Wed Nov 5 22:38:00 GMT 2014

https://gcc.gnu.org/bugzilla/show_bug.cgi?id=63756

            Bug ID: 63756
           Summary: _mm_cvtepi16_epi32 with a memory operand produces
                    either broken or slow asm
           Product: gcc
           Version: 4.9.1
            Status: UNCONFIRMED
          Severity: normal
          Priority: P3
         Component: c
          Assignee: unassigned at gcc dot gnu.org
          Reporter: tterribe at xiph dot org

Created attachment 33900
  --> https://gcc.gnu.org/bugzilla/attachment.cgi?id=33900&action=edit
Reduced testcase

With optimizations enabled, the call

_mm_cvtepi16_epi32(*(__m128i *)x)

for some pointer x produces the asm

pmovsxwd (%rax), %xmm0

which is all well and good, and what was intended.

However, with optimizations disabled, the same code produces

movdqa (%rax), %xmm0
movaps %xmm0, -48(%rbp)
movdqa -48(%rbp), %xmm0
pmovsxwd %xmm0, %xmm0

The problem here is that the initial movdqa has added a 16-byte alignment
requirement and reads 8 bytes past where the original pmovsxwd instruction
would have read in the optimized version.

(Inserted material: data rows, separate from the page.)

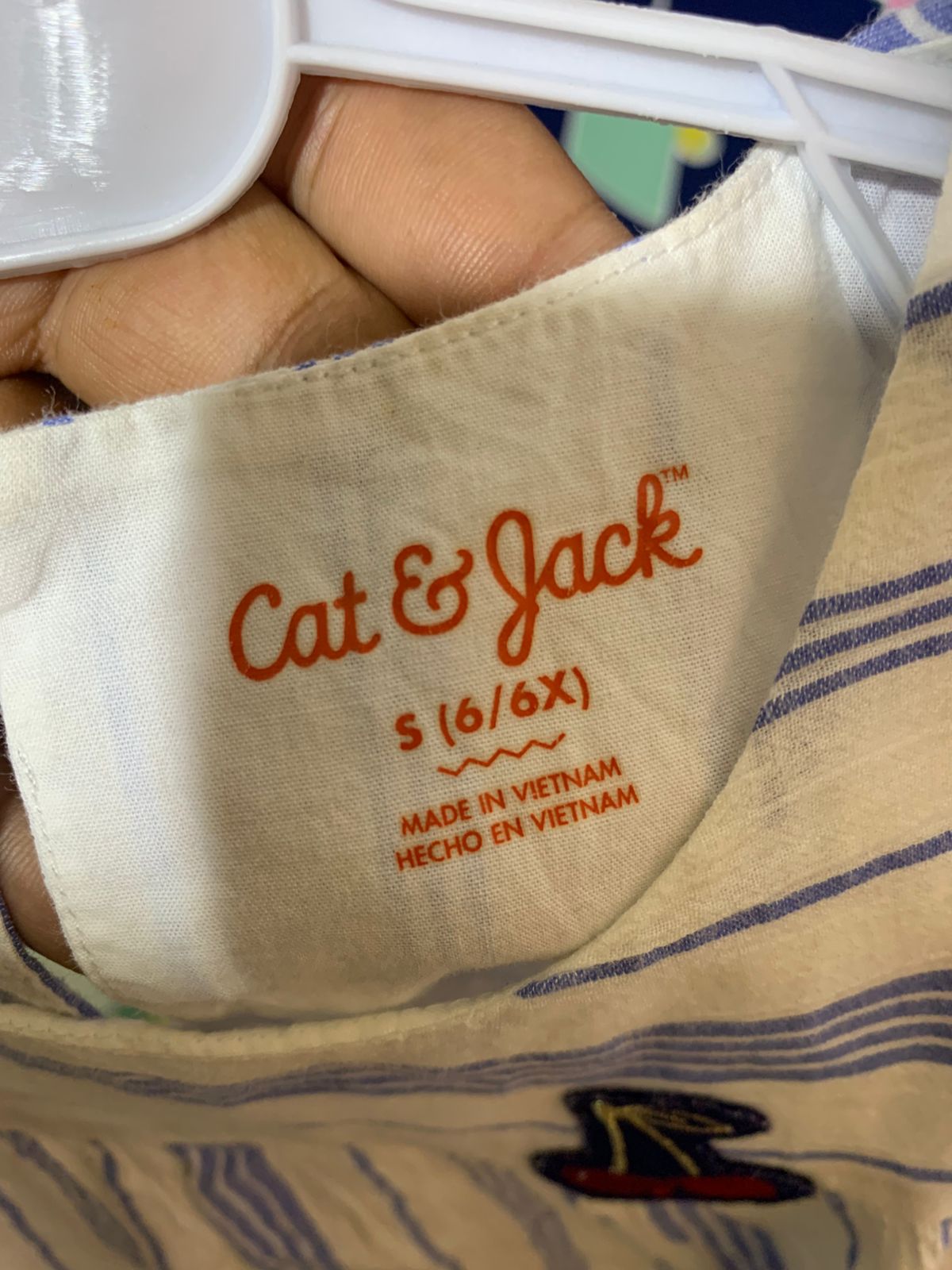 Cat & Jack Girls' Blue Striped Flutter Sleeve Top - Size 6/6X AB1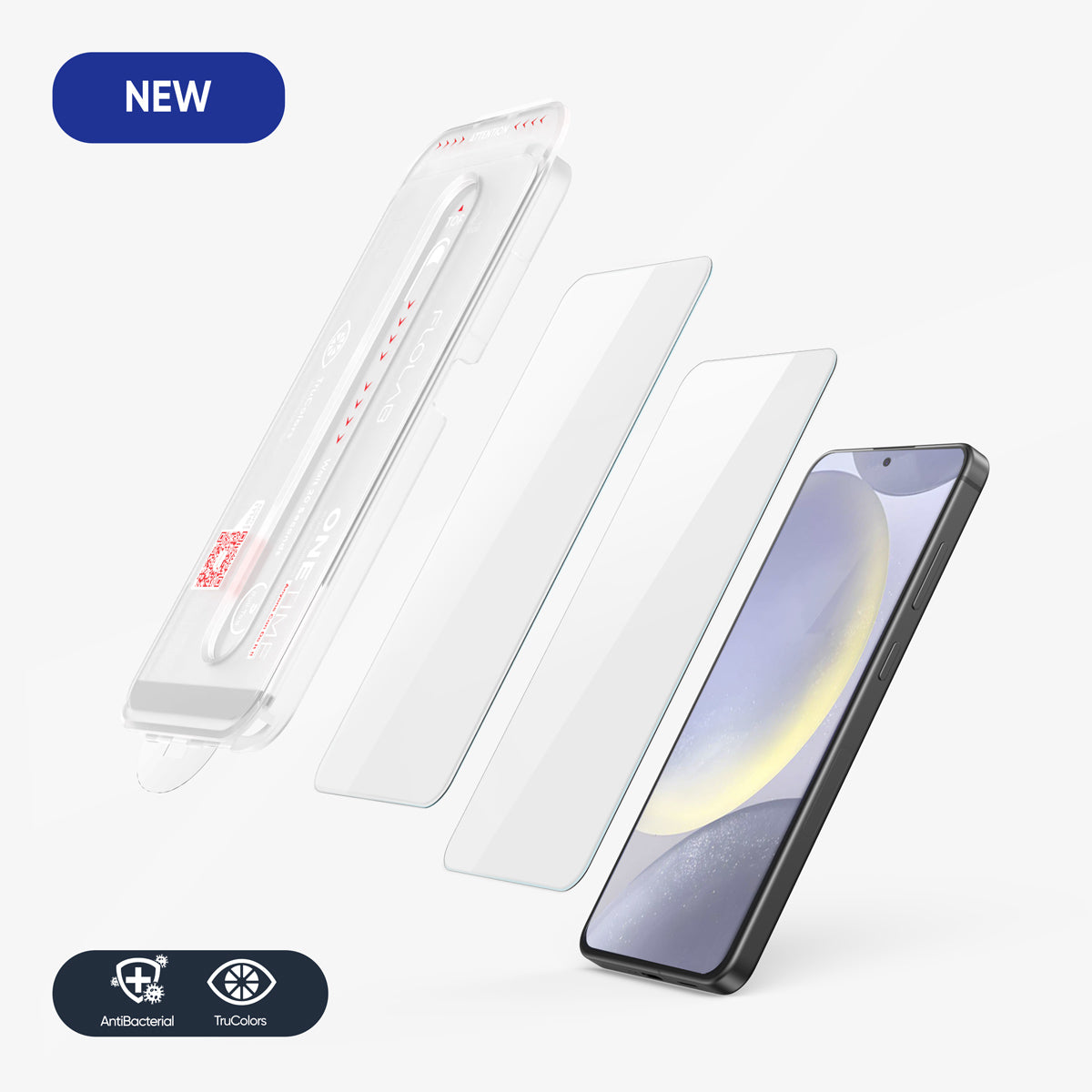 FLOLAB NanoArmour ONETIME for Samsung Galaxy S24 Plus Screen Protector Anti Microbial, Fingerprint ID Compatible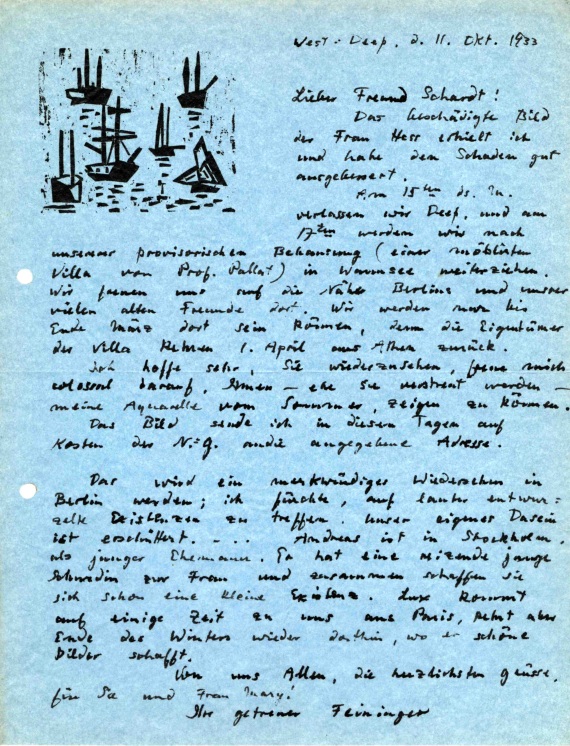 Lyonel Feininger - 69 Briefe (tlw. mit Holzschnitten) an Alois Schardt (darunter 7 zus. mit Ehefrau Julia) + 44 Briefe der Familien Feininger/Schardt + 1 Pos. Exzerpte - Weitere Abbildung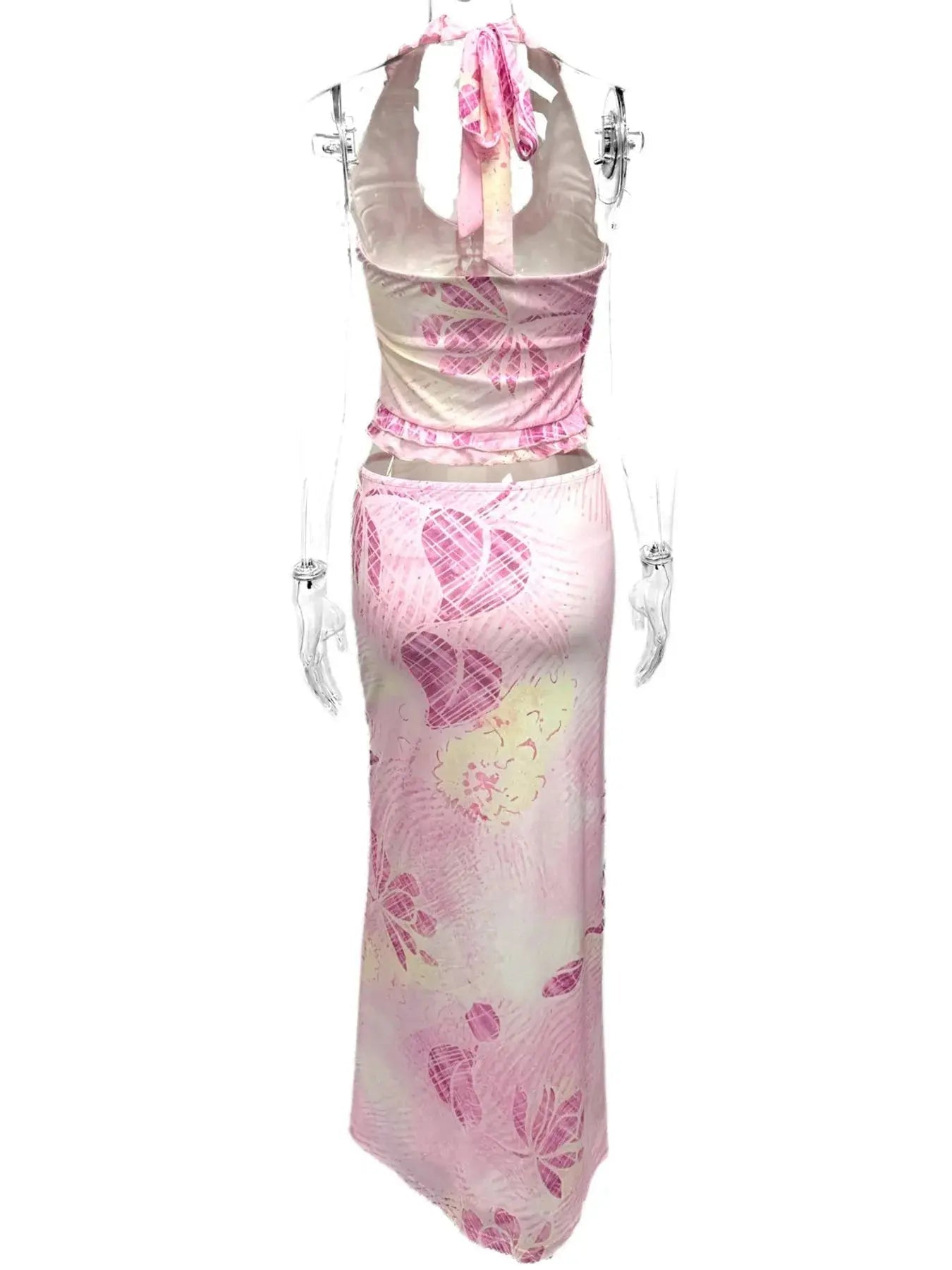 Printed Halter Neck Cami and Maxi Skirt Set - Charmdeals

This is very much not equivalent, and
causes crashes in code that runs just fine in the optimized version.

_mm_cvtepi16_epi32() takes an __m128i argument, and the dereference happens
before the function call. Even though the asm instruction it's standing in for
can do it all together, we don't have a single intrinsic which specifies
exactly that. None of the semantics here are very well documented anywhere, but
I can understand why the compiler might think it has the right to do what it
did. So I try the following code:

_mm_cvtepi16_epi32(_mm_loadl_epi64((__m128i *)x)

With optimizations disabled, this produces the slightly long-winded, but at
least correct asm of:

movq (%rax), %rax
movl $0, %edx
movq %rdx, -128(%rbp)
movq %rax, -120(%rbp)
movq -120(%rbp), %rax
movq -128(%rbp), %rdx
movq %rdx, -112(%rbp)
movq %rax, -104(%rbp)
movq -112(%rbp), %rax
movq -104(%rbp), %xmm0
pinsrq $1, %rax, $xmm0
movaps %xmm0, -64(%rbp)
movdqa -64(%rbp), %xmm0
pmovsxwd %xmm0, %xmm0

So that's all good. movq has the same semantics as a memory operand in
pmovsxwd, so we haven't added any extra alignment requirements or read any
extra data. Turning optimizations back on, one might reasonably expect the
optimizer to collapse the two intrinsics into the same single instruction it
had before, since they should, in fact, be equivalent to what that instruction
did. However, the asm one gets instead is

pxor %xmm0, %xmm0
pinsrq $0, (%rax), %xmm0
pmovsxwd %xmm0, %xmm0

So this is 3 instructions, 4 uops, and a 4-cycle latency (minimum) for what
should have been 1 instruction, 1 fused-domain uop, and a 2-cycle latency
(minimum). It makes a noticeable difference.

The current code I am using in my project is to wrap these in a macro that says
#ifdef __OPTIMIZE__, leave out the _mm_loadl_epi64(), but otherwise put it in.
However, that seems moderately terrible, and like something the compiler could
choose to break at any time.